Isn’t this process dangerous?

We are always taught that when we reach the gas station to refuel our cars, to turn OFF the engine. This is a safety precaution to avoid any accidents. But why do we have to do this while fighter jets are easily refueling while flying in the air? There are two possible reasons behind this:

1- Type of the fuel:

Source: somagnews

Refueling a car while the engine is running and refueling a fighter aircraft while it is in the air are basically the same, but with one critical difference: the kind of fuel utilized.

Source: iStock

Cars often run on gasoline, which has a lower flash point of around -43°C, which means it is a highly flammable fuel. This is the point at which a vapor is formed around the fuel, this vapor is what causes the combustion of the fuel when exposed to an open flame. As a result, the fuel will likely get unexpectedly ignited, resulting in the whole fuel tank catching fire.

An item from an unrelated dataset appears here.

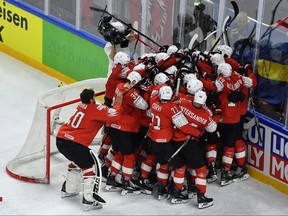 Switzerland's players celebrate after the semifinal match Canada vs Switzerland of the 2018 IIHF Ice Hockey World Championship at the Royal Arena in Copenhagen on Saturday, May 19,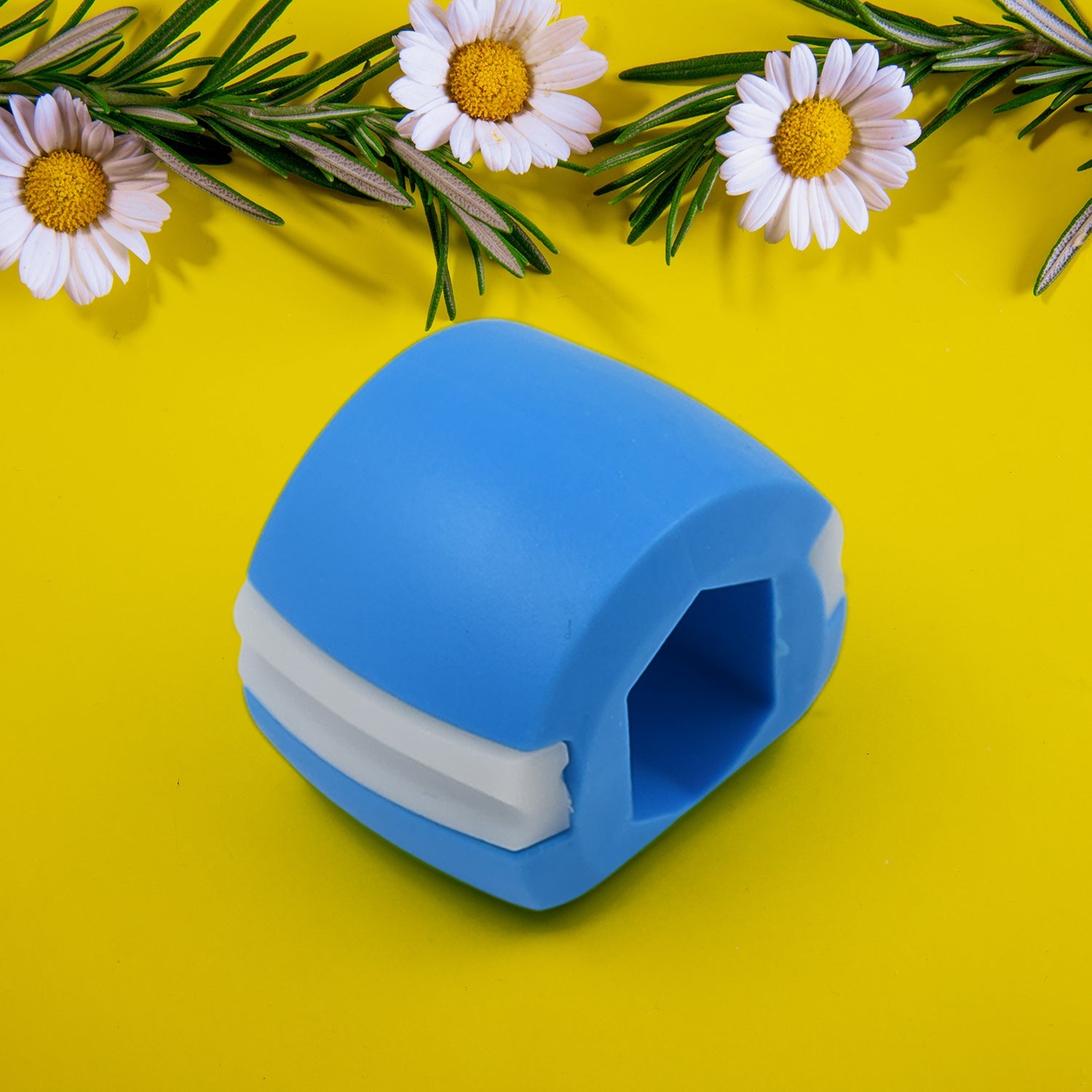 Jaw sculpting tool in blue silicone for facial contouring and skincare routines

Source: Greg Bishop / flickr

For fighter jets, fuels with a higher flash point are used: JP5 has a flash point temperature of 60°C, whereas JP8 has a flash point temperature of 38°C. Catching fire is less likely to occur when using a higher flash point gasoline. Additionally, higher elevations in the air provide lower temperatures, which further minimizes the dangers.

2- Low probability risk:

Refueling your car while it’s running isn’t all that risky! Adding extra gasoline has no effect on the process because your engine is still taking fuel from the bottom of the tank. There are countries where refueling running cars is completely unregulated, and this is the norm.

So, what’s the point of the rule then? According to one theory, requiring a person to start the car makes them less willing to drive off with a nozzle in their tank and pulling the gasoline line loose, which could end up deadly. Another possibility is that you may spill petrol when filling up your car, creating a vapor cloud that could be ignited by a running engine. This probability is extremely small, but it still does exist.

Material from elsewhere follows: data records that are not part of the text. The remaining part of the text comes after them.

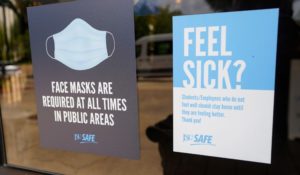 Face mask requirements are posted at the various entrances at the Rose E. McCoy Auditorium where COVID-19 vaccinations are being offered on the Jackson State University campus in Jackson, Miss. (AP Photo/Rogelio V. Solis)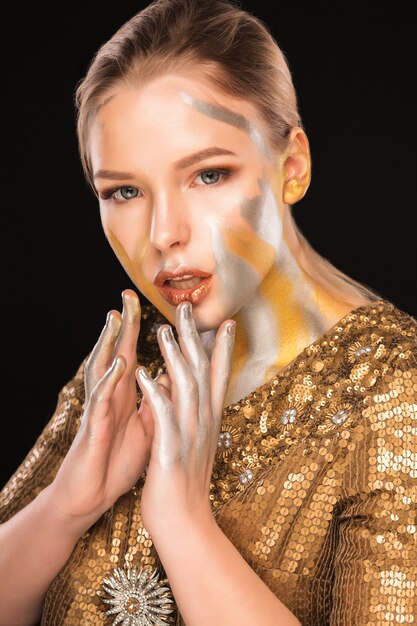 Foto ritratto di bellezza della modella bionda glamour con vernice oro e argento sulle spalle e sul viso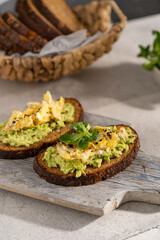 Avocado and egg sandwich with whole grain brown bread and greens, healthy diet vegan food. Breakfast on wooden board, white table. Copy space.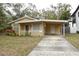 Nice yellow house with carport and small front yard at 619 Glenoak N St, St Petersburg, FL 33703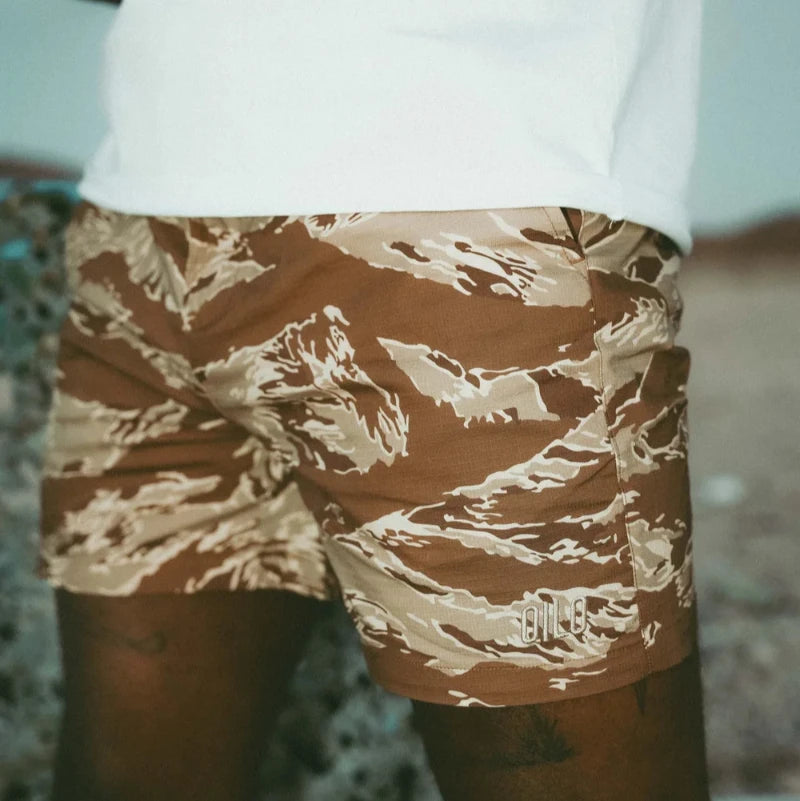 Person wearing tiger stripe camouflage shorts with a blurred background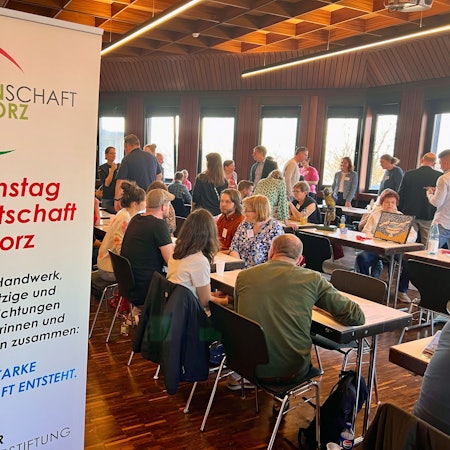 An Konferenztischen sitzen Menschen, andere gehen an den Tischen entlang.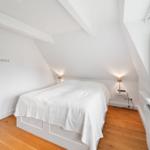 Schlafzimmer mit Dachschrägen, weißem Bett und Holzboden
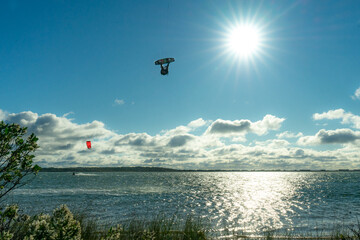 A kite boarder flips above the water while silhouetted in front of the sun.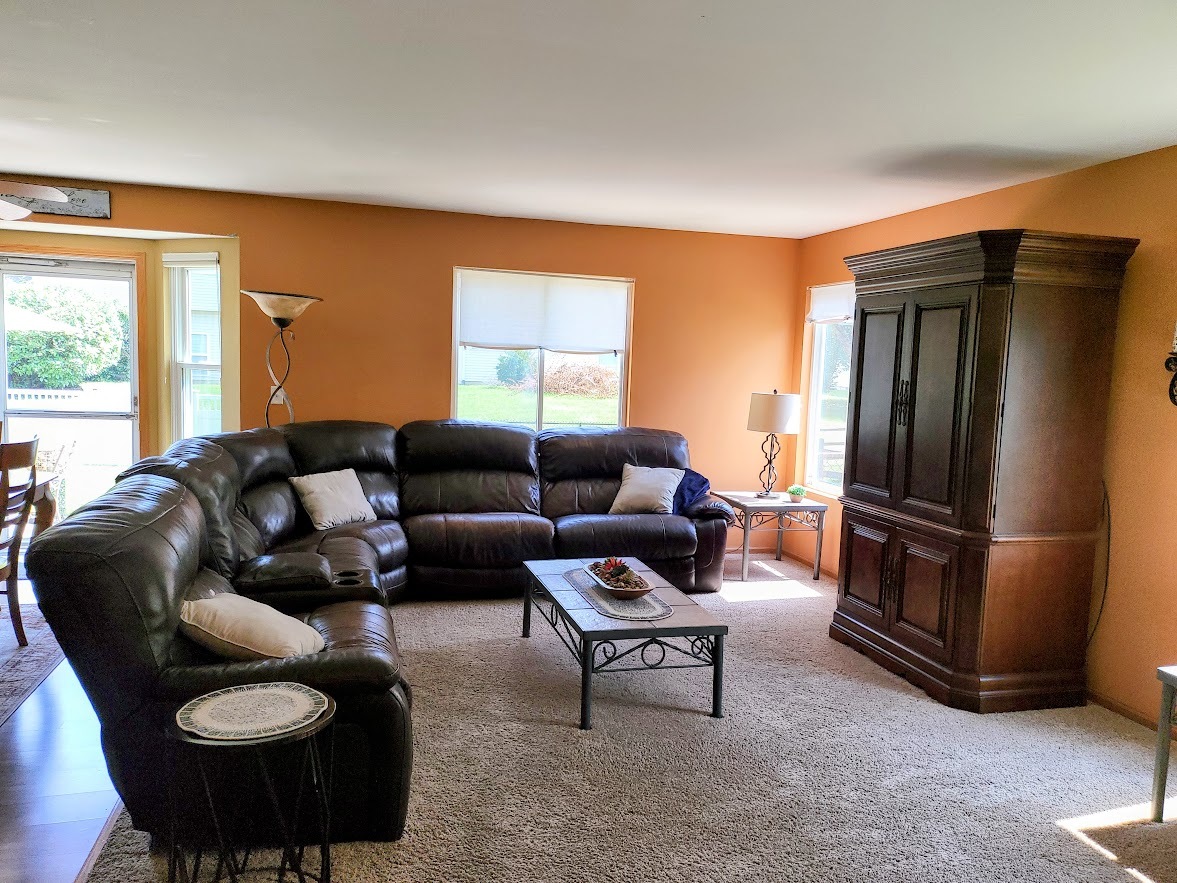 156 Sycamore Drive Bolingbrook, IL 60490 - Photo 11 of 26 a living room with furniture and a window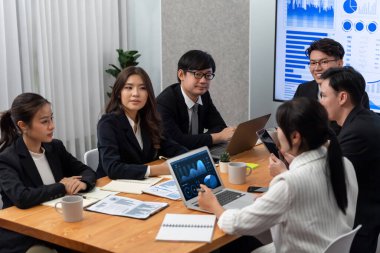 Business team of financial data analysis meeting with business intelligence, report paper and dashboard on laptop for marketing strategy. Business people working together to promote harmony in office.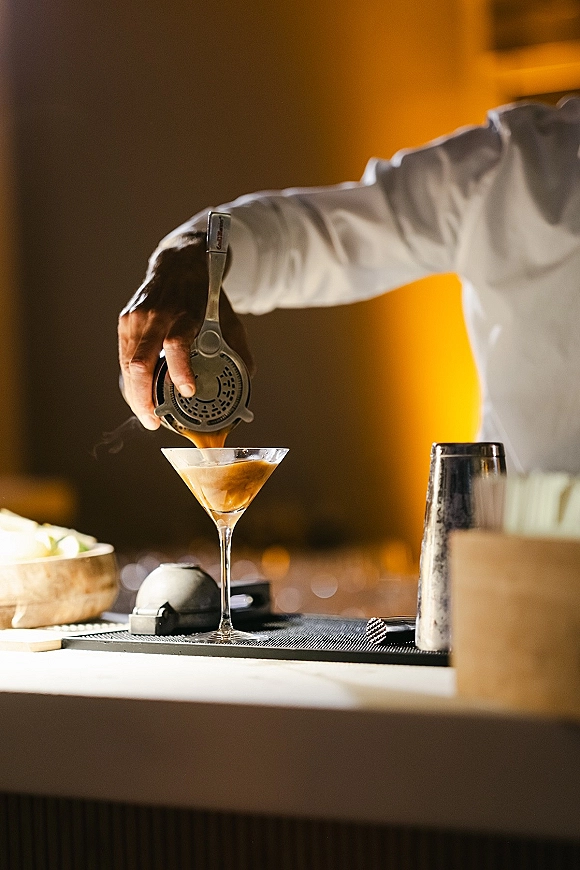 Wedding cocktail bar with a cocktail coupe glass, strainer, and shaker tin arranged on a bar mat under warm indoor lighting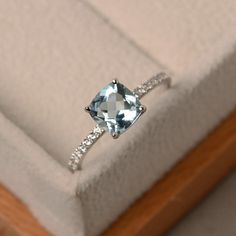 an engagement ring with a blue topazte surrounded by white diamonds in a box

This is a “1-in-10,000” probability to occur. If something happens once in 10 thousand cases, it may seem little, but if ten thousand people take that risk, the odds worsen dramatically. With over ten million individuals filling up their cars every day in the United States, even the tiniest chance becomes an almost certain catastrophe.

Source: U.S. Air Force photo/Senior Airman Ashley J. Thum / dvidshub

Fascinating fact: Aircraft are handled like Sedans when refueled on the ground, with engines completely switched off throughout the process. When refueling planes on the ground, there are actually additional safeguards in place. Aside from that, when planes are refueled, a fire truck is usually stationed nearby to deal with any accidents that may occur.